Project

General

Profile

action #121306

[virtualization][hyperv] worker7-hyperv.oqa.suse.de can not be reached

Added by rcai 2 months ago. Updated about 1 month ago.

Status:
Resolved
Priority:
Immediate
Assignee:
-
Target version:
Start date:
2022-12-01
Due date:
% Done:

100%

Estimated time:

Description

##Backgroud
VLAN Migration
openqaw7-hyperv.qa.suse.de(10.162.0.101) -> worker7-hyperv.oqa.suse.de(10.137.10.7)

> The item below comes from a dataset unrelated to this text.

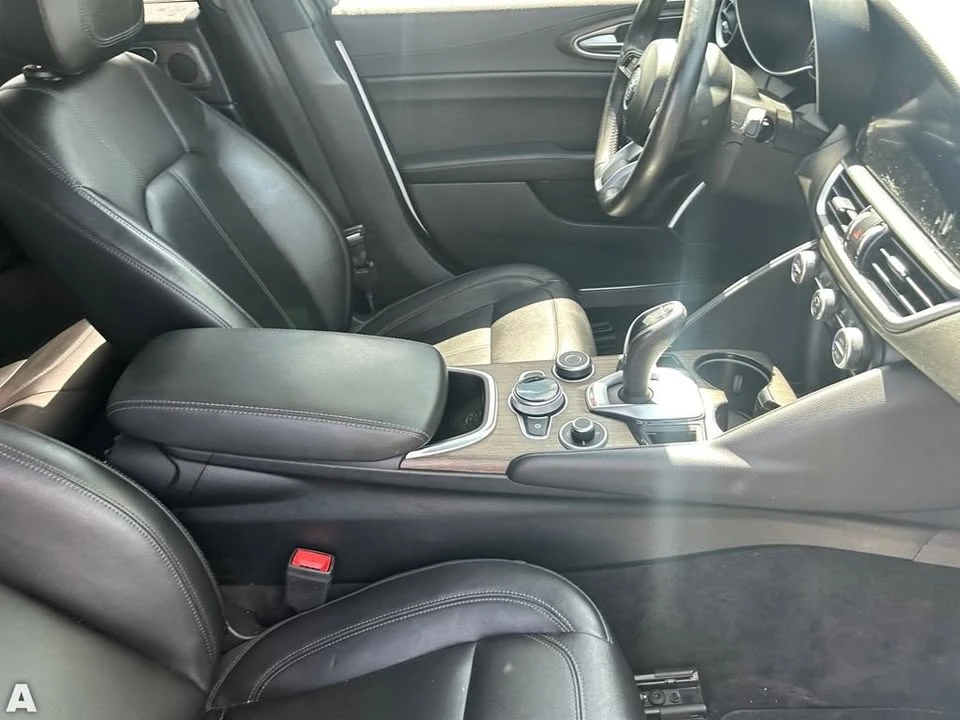 2022 Alfa Romeo Giulia - Image 10 of 18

I debugged windows network card and disabled ExternalVirtualSwitch.
Then I can not ping it...ah
ping worker7-hyperv.oqa.suse.de
PING worker7-hyperv.oqa.suse.de (10.137.10.7) 56(84) bytes of data.
From 10.136.0.1 (10.136.0.1) icmp_seq=1 Destination Host Unreachable
From 10.136.0.1 (10.136.0.1) icmp_seq=2 Destination Host Unreachable
From 10.136.0.1 (10.136.0.1) icmp_seq=3 Destination Host Unreachable

##Before VLAN Migration
Web access: https://sp.openqaw7-hyperv.qa.suse.de
I can access windows desktop and make some configuration, including network configuration.
It's convenient to enable it again.

##After VLAN Migration
As far as you know, just only use jumpy server to access now.
ssh -4 jumpy@qe-xxx.suse.de -- ipmitool -I lanplus -H worker7-hyperv.qe-xxx-xx -U ADMIN -P xxxxxxx sol activate
but I can not access windows desktop by this method.

##Expected
It is better to access windows desktop after VLAN Migration and helpful to debug environment sometimes.

##Impact
It effects the job running of build 52.4 on this server(5 jobs)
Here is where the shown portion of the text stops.